What you will do - Everything in the listing must be repeated exactly, apart from the images.

Listed entries -
*** Begin section ***

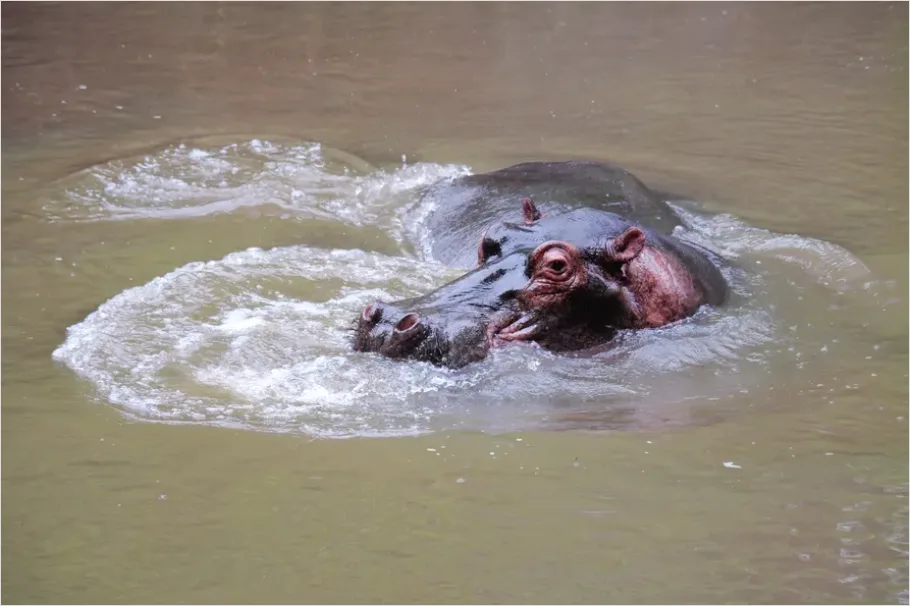 Detail Hippo In Water Photo Number 8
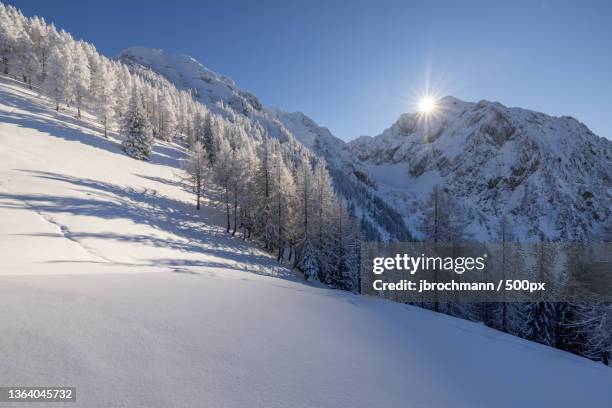 a perfect winter day,scenic view of snowcapped mountains against clear sky,oberweng,spital am pyhrn,austria - spital am pyhrn stock pictures, royalty-free photos & images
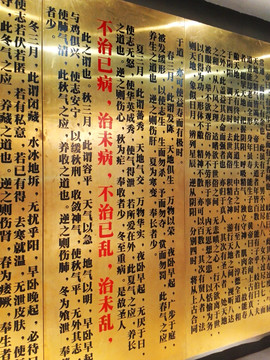 中医文化展示墙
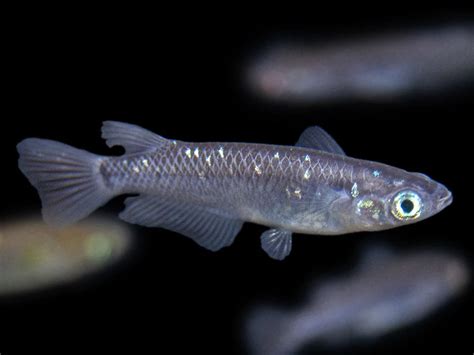 Japanese Rice Fish (Oryzias latipes): Care Guide.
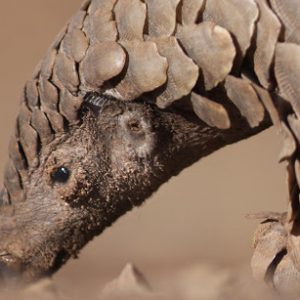 Only an Animal Expert Will Know the Names of These Bizarre Species Atelerix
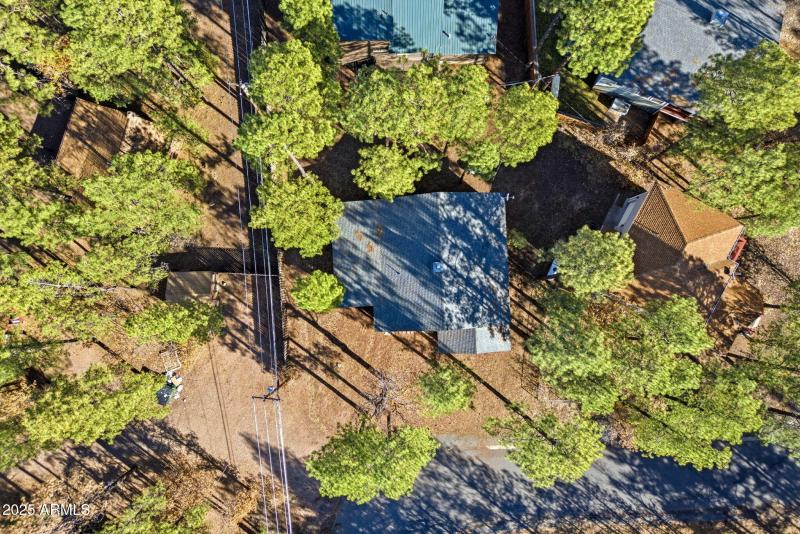 401 Cotton Tail Pinetop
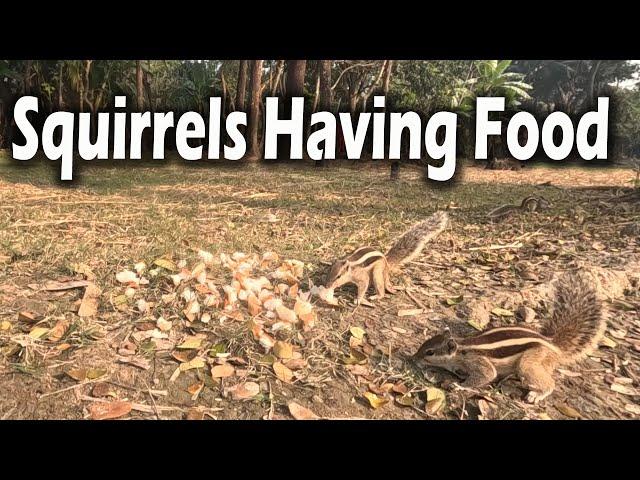 What Happens When Squirrels Having Food in the Nature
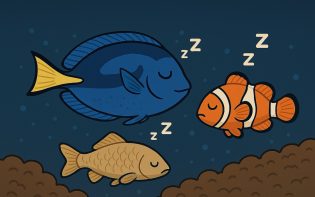 ¿Cómo duermen los peces?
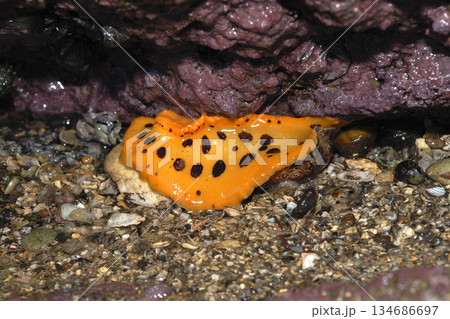 クモガタウミウシの腹面　海辺の生物　干潮時 134686697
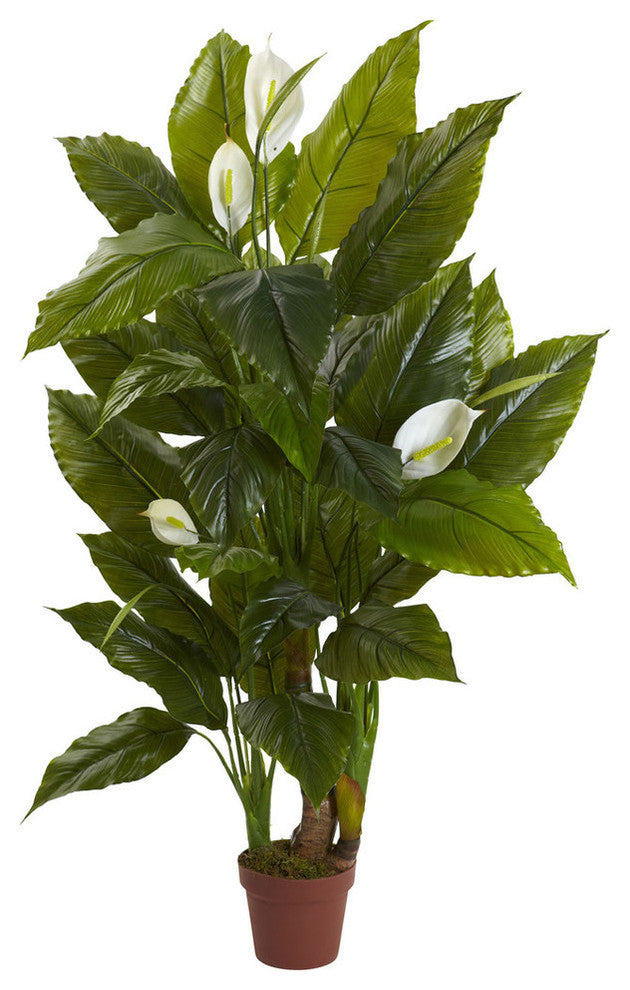 4.5' Spathyfillum Real Touch Plant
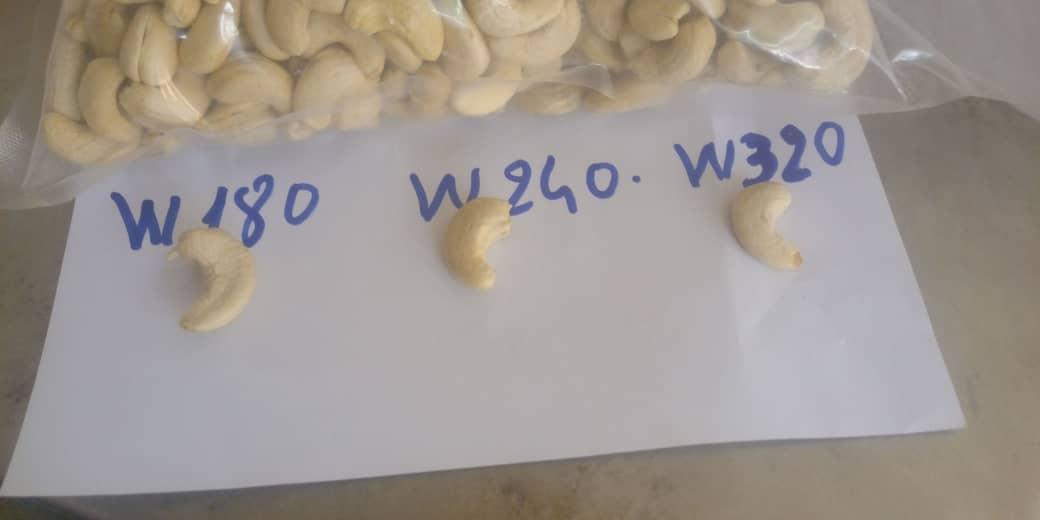 Kernel Cashew Nut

*** End section ***

Exercise response -
 Detail Hippo In Water Photo Number 8
 a perfect winter day,scenic view of snowcapped mountains against clear sky,oberweng,spital am pyhrn,austria - spital am pyhrn stock pictures, royalty-free photos & images
 中医文化展示墙
 Japanese Rice Fish (Oryzias latipes): Care Guide.
 Only an Animal Expert Will Know the Names of These Bizarre Species Atelerix
 401 Cotton Tail Pinetop
 What Happens When Squirrels Having Food in the Nature
 ¿Cómo duermen los peces?
 クモガタウミウシの腹面　海辺の生物　干潮時 134686697
 4.5' Spathyfillum Real Touch Plant
 Kernel Cashew Nut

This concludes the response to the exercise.